TASK OBJECTIVE: An exact reproduction of the listing, minus the pictures, is the required output.

RAW DATA:
Start of Block

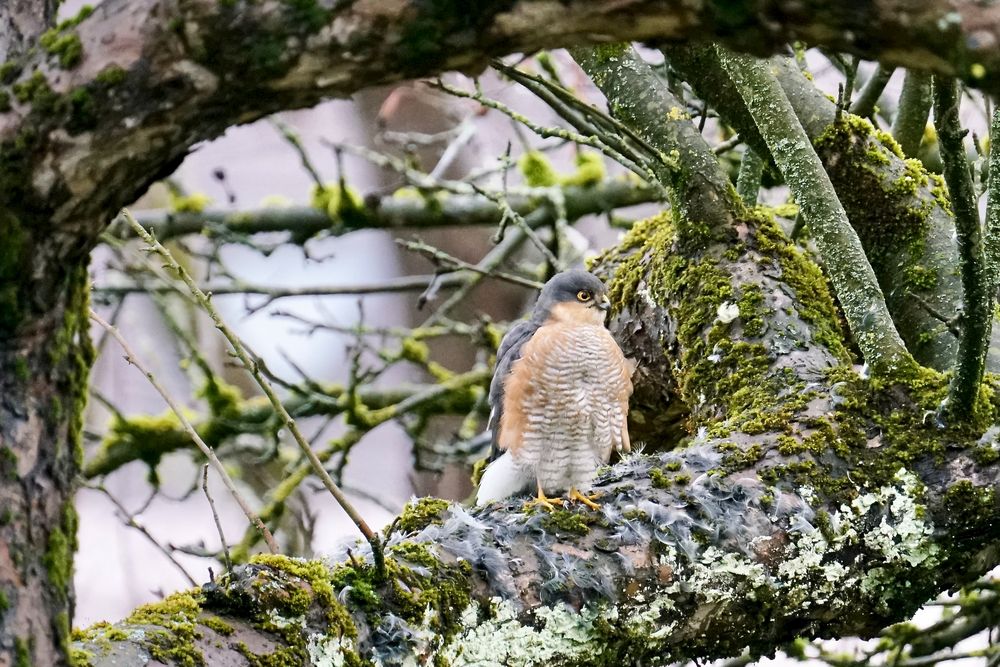 Sperber (Accipiter nisus)...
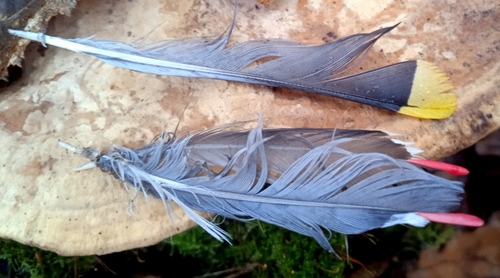Plume de Jaseur boréal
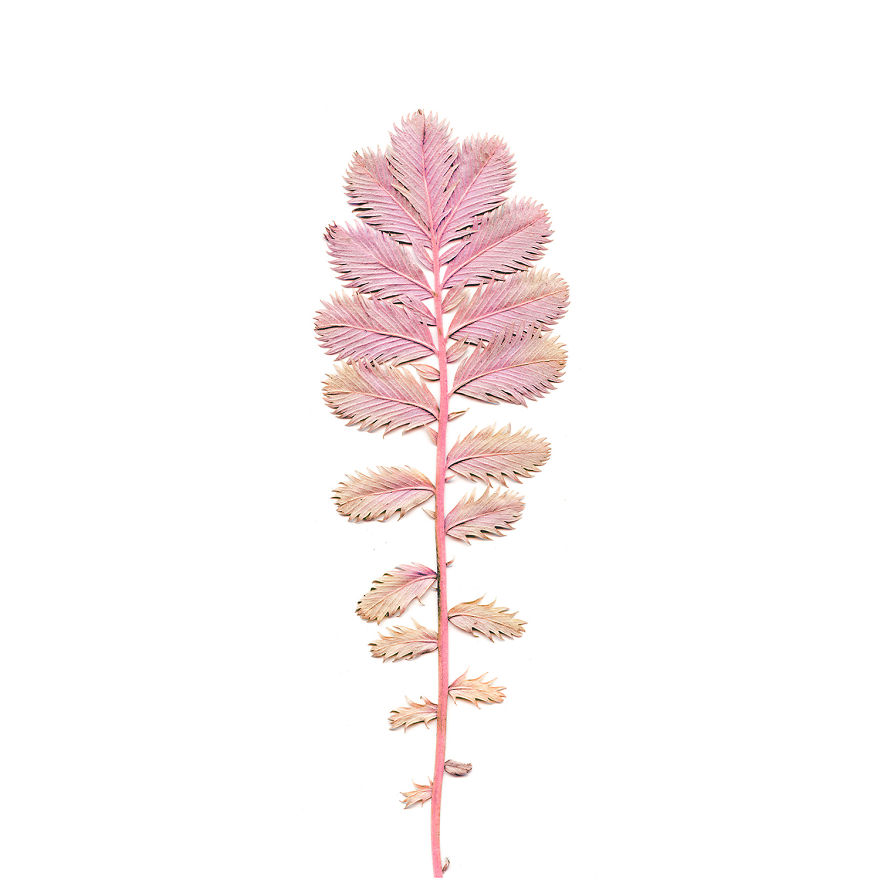 I Found Beauty And Simplicity In Single Leave I Found Beauty And Simplicity In Single Leave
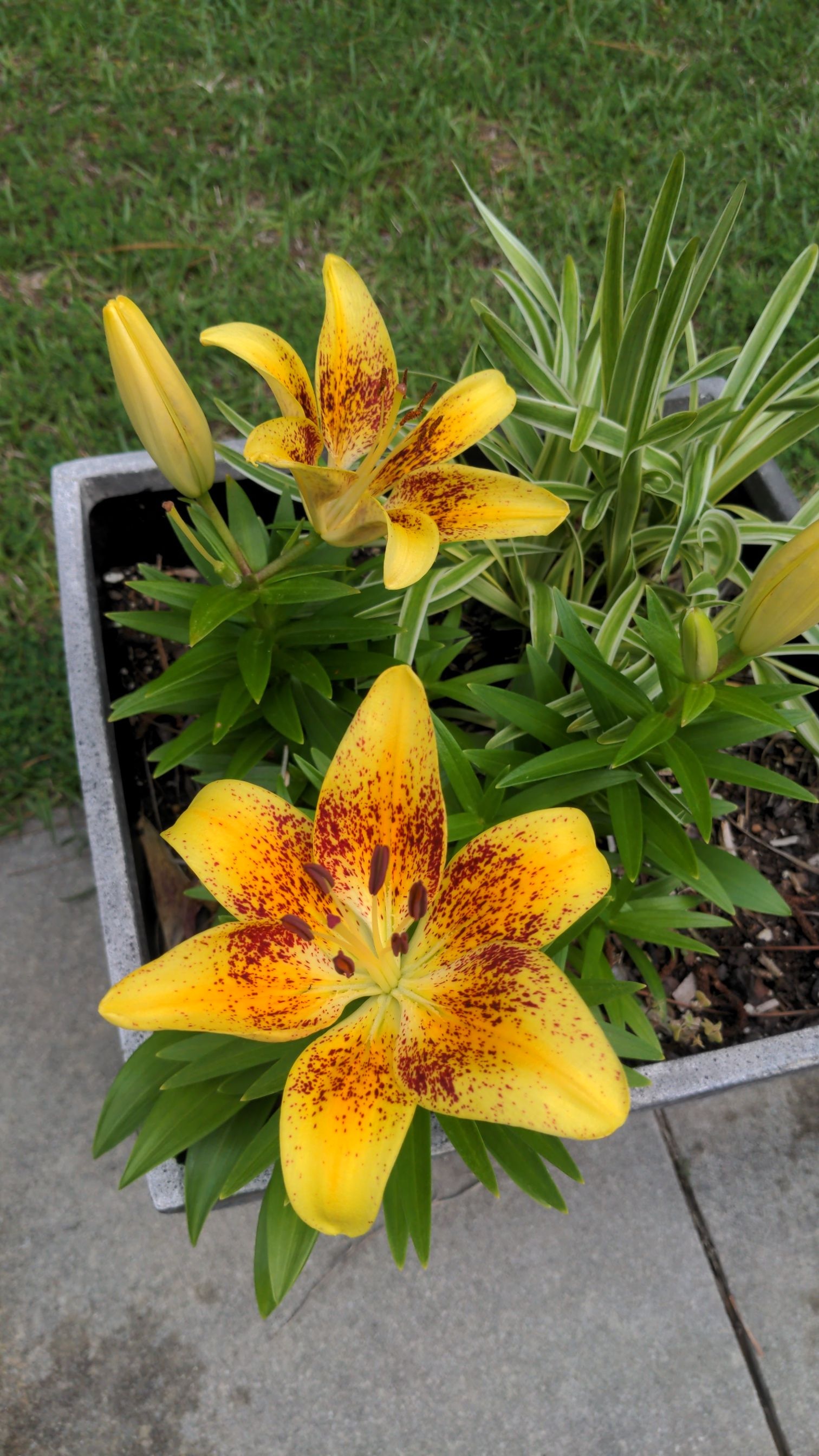 My Asiatic Lillies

End of Block

EXPECTED ANSWER:
 Sperber (Accipiter nisus)...
Plume de Jaseur boréal
 I Found Beauty And Simplicity In Single Leave I Found Beauty And Simplicity In Single Leave
 My Asiatic Lillies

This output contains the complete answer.